- Information given -
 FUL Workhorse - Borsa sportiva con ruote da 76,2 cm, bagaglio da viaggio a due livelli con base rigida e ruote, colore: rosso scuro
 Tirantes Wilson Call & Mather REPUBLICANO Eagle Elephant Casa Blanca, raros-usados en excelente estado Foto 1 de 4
...
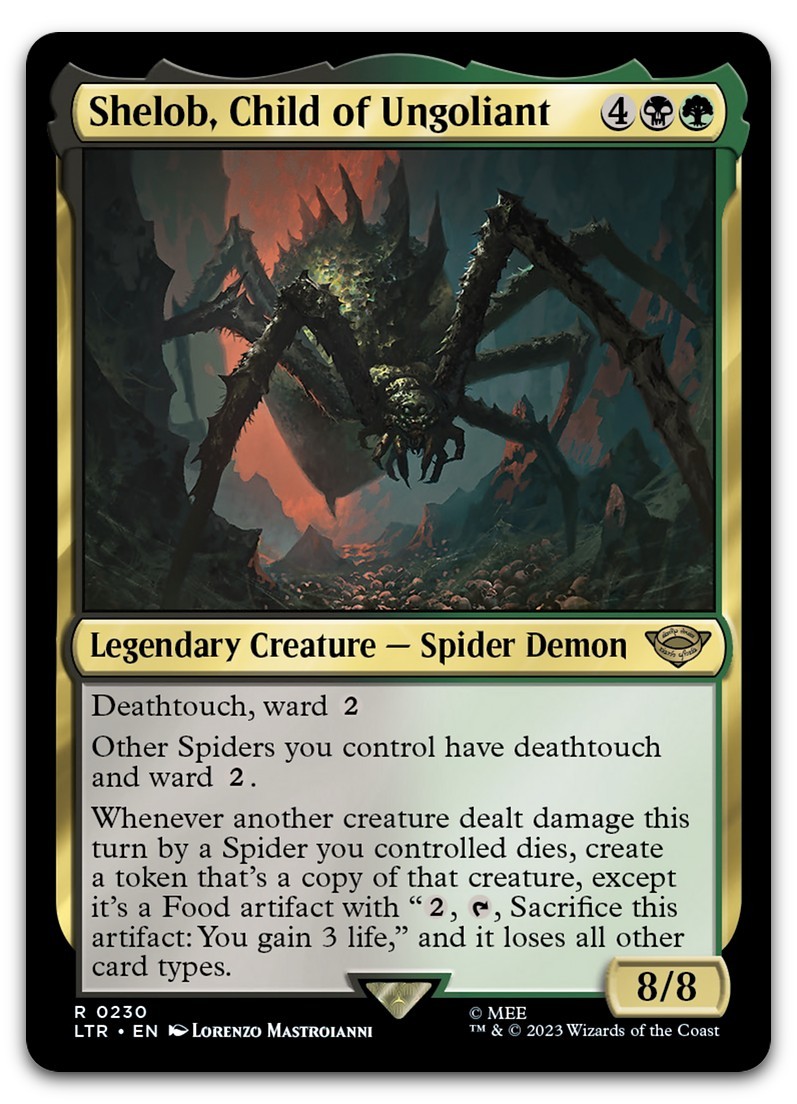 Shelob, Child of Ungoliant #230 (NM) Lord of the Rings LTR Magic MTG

- Task to complete -
Considering only the material above, set down every line from the one with "FUL Workhorse - Borsa" to the one with "Tirantes Wilson Call", inclusive, exactly as written.

- Task answer -
 FUL Workhorse - Borsa sportiva con ruote da 76,2 cm, bagaglio da viaggio a due livelli con base rigida e ruote, colore: rosso scuro
 Tirantes Wilson Call & Mather REPUBLICANO Eagle Elephant Casa Blanca, raros-usados en excelente estado Foto 1 de 4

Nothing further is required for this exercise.